━━ Dataset records

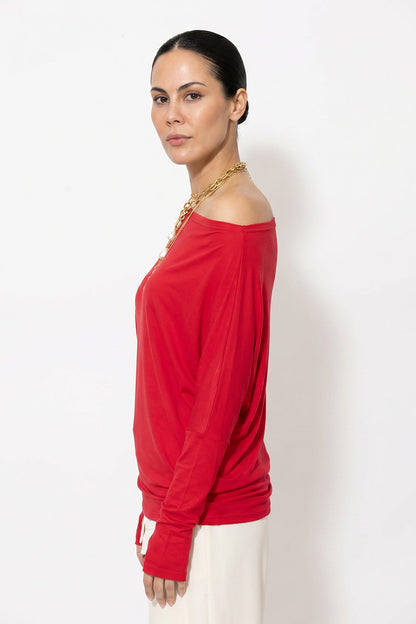 Crimson Tencel Drape Top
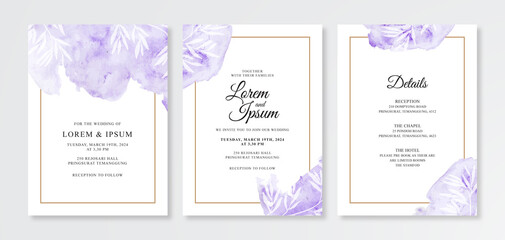 Wedding card invitation with watercolor splash and gold frame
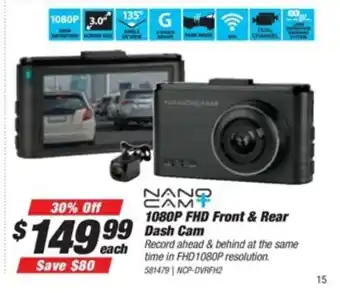 SuperCheap Auto Nano Cam 1080P FHD Front & Rear Dash Cam offer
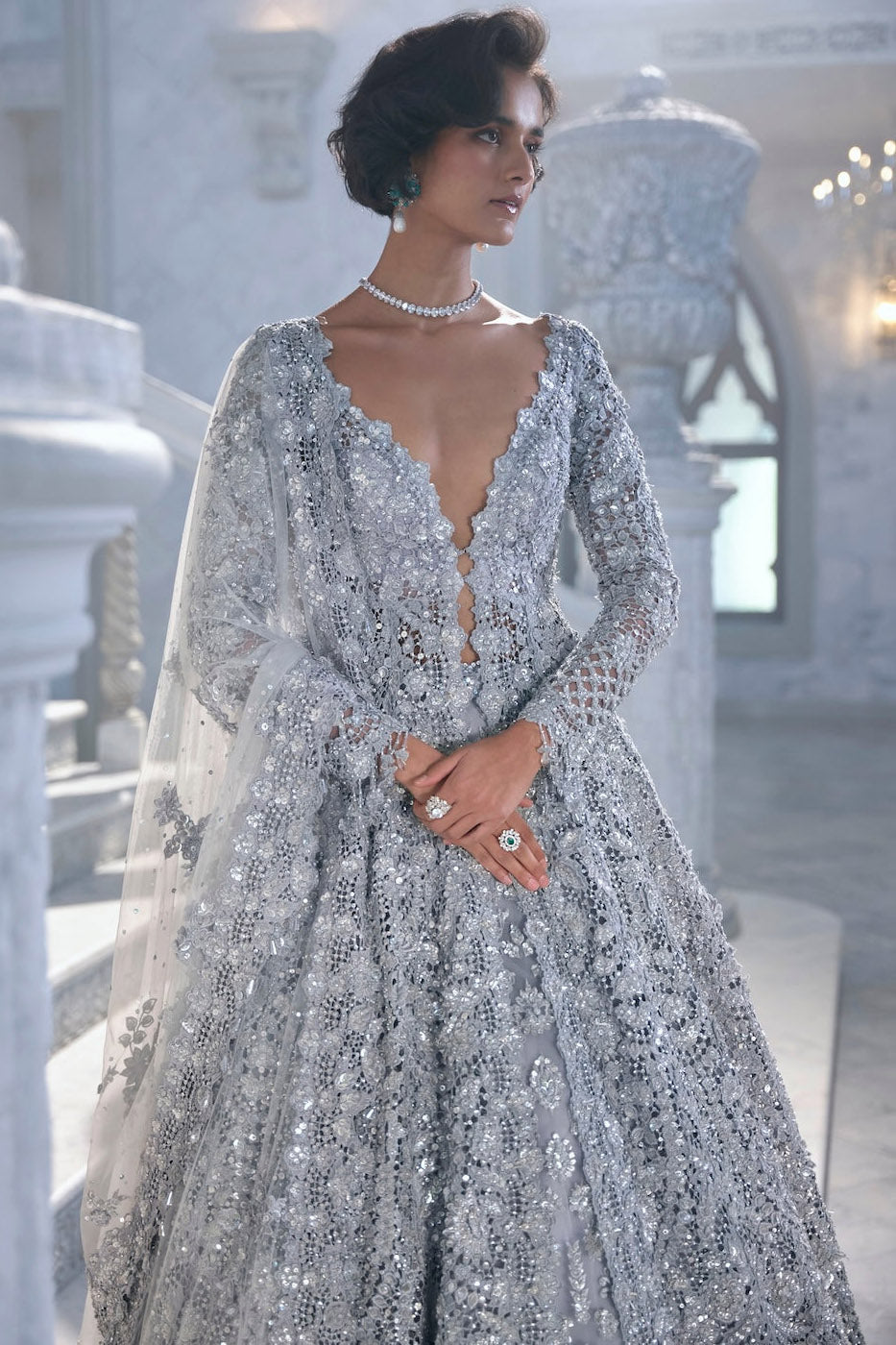 Silver Cut Work Jacket Lehenga Set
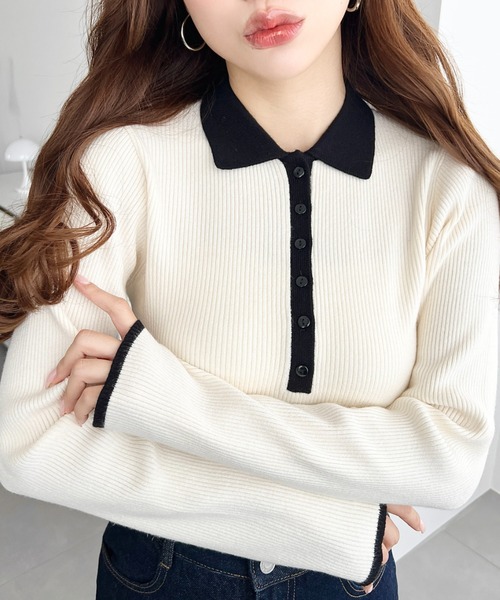 moment+ tシャツ 配色ポロニットプルオーバー レディース : ZOZOTOWN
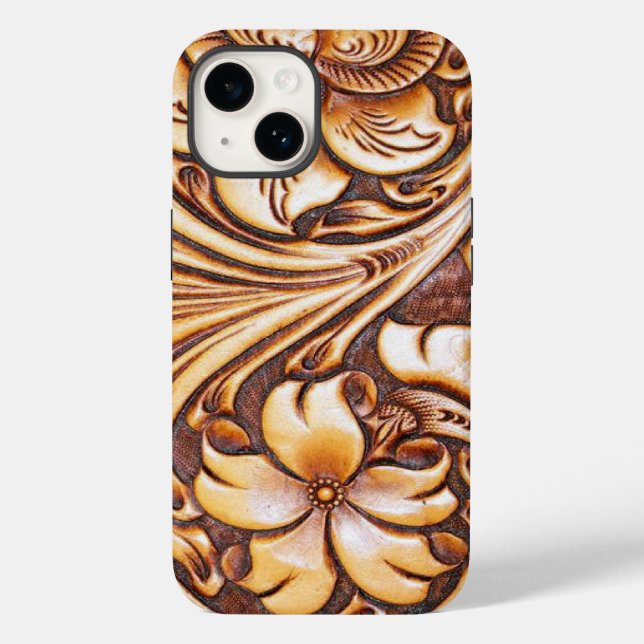 vintageCountry Tooled Leather western iphone5 case (Back)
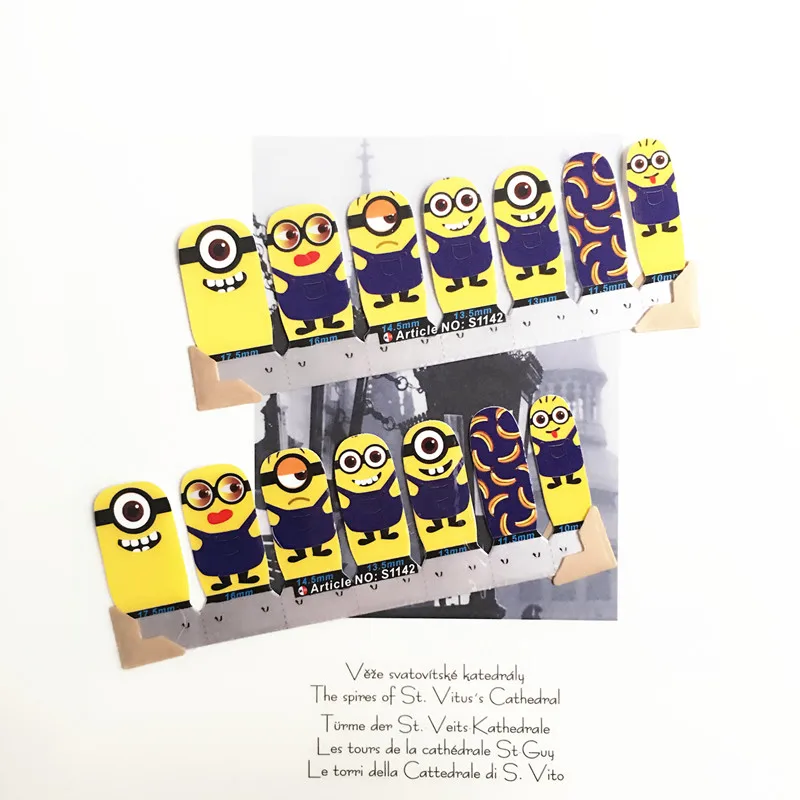 Cute Minions Nail Arts Sticker 14 pcs set Waterproof Nail Decal Art Sticker Gel Polish Manicure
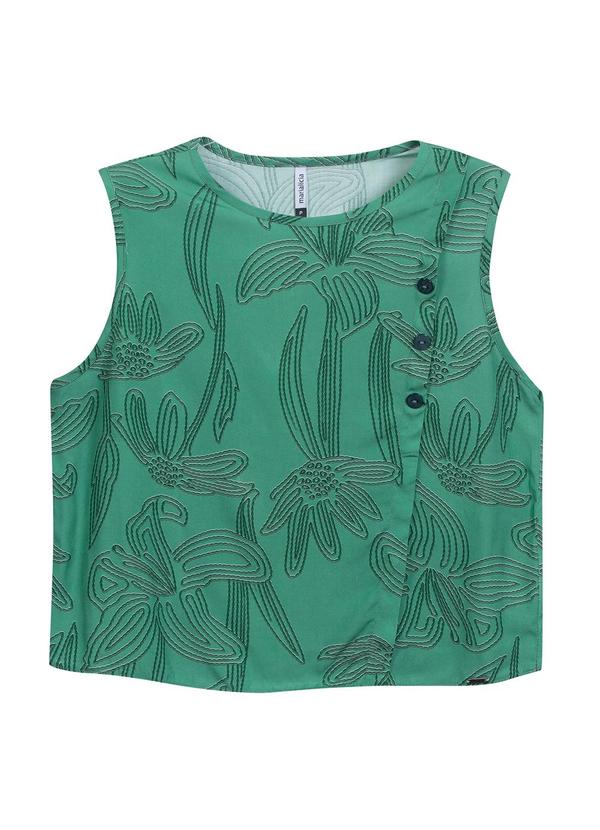 Marialícia - Regata Feminina com Botões Verde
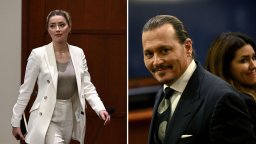 Johnny Depp and Amber Heard appear in court on April 26, 2022.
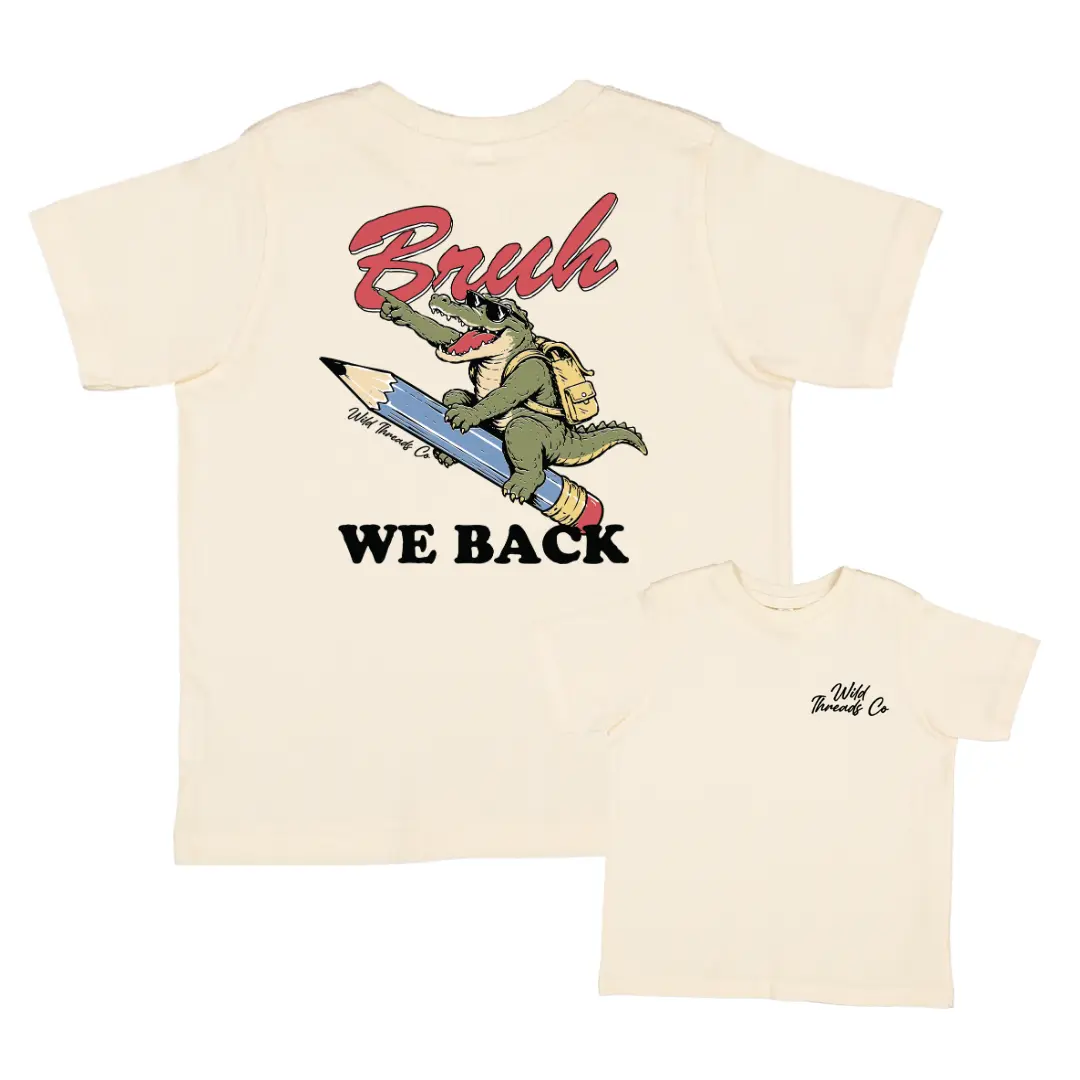 Bruh We Back Youth T-Shirt, Back to School Graphic Tee for Boys and Girls, Cool Dinosaur School Outfit, Fun Cartoon Pencil Print Top, Youth Apparel, Casual Short Sleeve Shirt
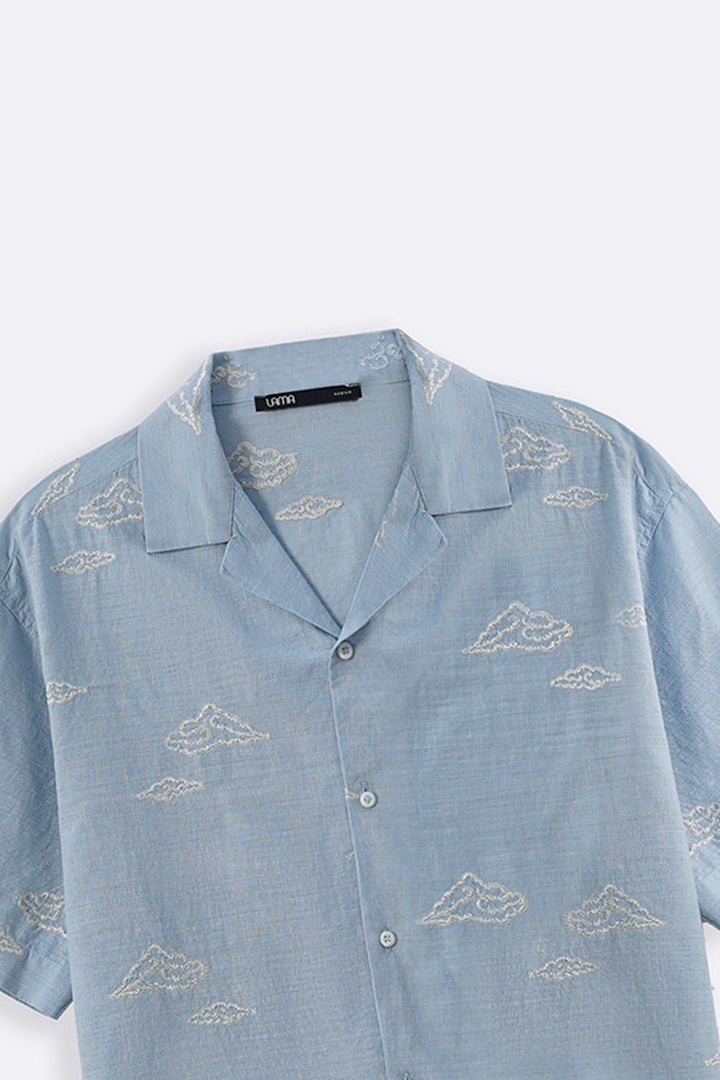 LIGHT BLUE MONSOON EMBROIDERED SHIRT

━━━━

About this exercise: Every entry above needs to be copied exactly, and no pictures go with it.

Exercise response:
 Crimson Tencel Drape Top
 Wedding card invitation with watercolor splash and gold frame
 SuperCheap Auto Nano Cam 1080P FHD Front & Rear Dash Cam offer
 Silver Cut Work Jacket Lehenga Set
 moment+ tシャツ 配色ポロニットプルオーバー レディース : ZOZOTOWN
 vintageCountry Tooled Leather western iphone5 case (Back)
 Cute Minions Nail Arts Sticker 14 pcs set Waterproof Nail Decal Art Sticker Gel Polish Manicure
 Marialícia - Regata Feminina com Botões Verde
 Johnny Depp and Amber Heard appear in court on April 26, 2022.
 Bruh We Back Youth T-Shirt, Back to School Graphic Tee for Boys and Girls, Cool Dinosaur School Outfit, Fun Cartoon Pencil Print Top, Youth Apparel, Casual Short Sleeve Shirt
 LIGHT BLUE MONSOON EMBROIDERED SHIRT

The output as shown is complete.